But, on April 28, Benjamin secured a venue and performed a comedy show. He rented out the lecture hall at the Main Branch of the Carnegie Library of Pittsburgh, in Oakland. According to Carnegie Library spokesperson Suzanne Thinnes, Benjamin rented out the space as a private event, and the library didn’t promote or market the show, nor does the library promote or market any private event. Tickets were sold through Benjamin’s website, and the location of the event was only shared after tickets were purchased.
Some Pittsburgh residents, including Bracey, were upset Benjamin was allowed to perform at the library lecture hall, which is located near the Schenley Park Bridge. Bracey says he wished the library would have denied Benjamin’s request to rent out the facility, especially given the optics of the situation. He says that hosting Benjamin — who uses the n-word often on social media, near where the Stephen Foster statue was removed just two days before the show — comes off as insensitive.
But above all, Bracey is upset the public was not given accurate information about Benjamin’s show. He says he called the library and was told that either the show wasn't happening or it was occurring at a different location. Bracey understands that the First Amendment protects Benjamin in renting out a public space, but he wishes that people had the opportunity to protest Benjamin’s show.
“A protest is also a form a free speech,” says Bracey. “Why didn't you allow the public to exert their First Amendment right? I do understand that you want to allow all voices, but then allow all voices. You are giving preference to [Benjamin] by not informing us about his show.”
Thinnes says that library officials learned about the controversy surrounding Benjamin partway through the rental agreement process, less than two weeks ago. She says it was a difficult decision, but the library decided to accept the rental agreement, in accordance with the American Library Association guidelines.

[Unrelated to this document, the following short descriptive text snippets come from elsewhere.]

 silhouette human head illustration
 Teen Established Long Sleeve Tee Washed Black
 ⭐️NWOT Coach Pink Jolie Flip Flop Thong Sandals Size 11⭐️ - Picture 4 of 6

“It was something we grappled with; what is public and how to rent out public space,” says Thinnes. “A good library supports freedom from censorship and freedom of expression. Those are our core guidelines.”
In terms of library staff misinforming people looking to protest Benjamin’s show, Thinnes says some confusion may have occurred since the staff that fields calls was not informed who Benjamin was and that he was performing at the lecture hall. She says some confusion about the event may have stemmed from Carnegie Museums possibly getting calls about Benjamin. The museums are located next to the library, but has no affiliation with the library. Thinnes apologizes that library administrators didn’t inform library staff and the public more about Benjamin’s show. She doesn’t want the fallout from Benjamin’s show to lead patrons to have negative opinions of the library staff that fielded inquiries.

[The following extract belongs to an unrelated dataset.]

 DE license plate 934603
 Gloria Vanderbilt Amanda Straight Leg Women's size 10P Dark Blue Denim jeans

“It is very important to note that we disappointed our staff and the public by not having that information for them,” she says. “I don’t want this to overshadow the great work that our staff does. We want to encourage the community to continue this public debate.”
North Side resident Lee Stanley was critical of how the library officials handled the Benjamin show, and hopes the library will increase its transparency moving forward. “If the library is going to use free speech as their hill, then they need to be open and honest about it,” wrote Stanley in a message to City Paper.
In response to the event, Thinnes says library officials will be discussing possibly altering their rental policies. “It is a difficult conversation for us to have, but it brought some things out into the light that will help our organization moving forward," says Thinnes. "And we now have an opportunity to look at rental policies and procedures.”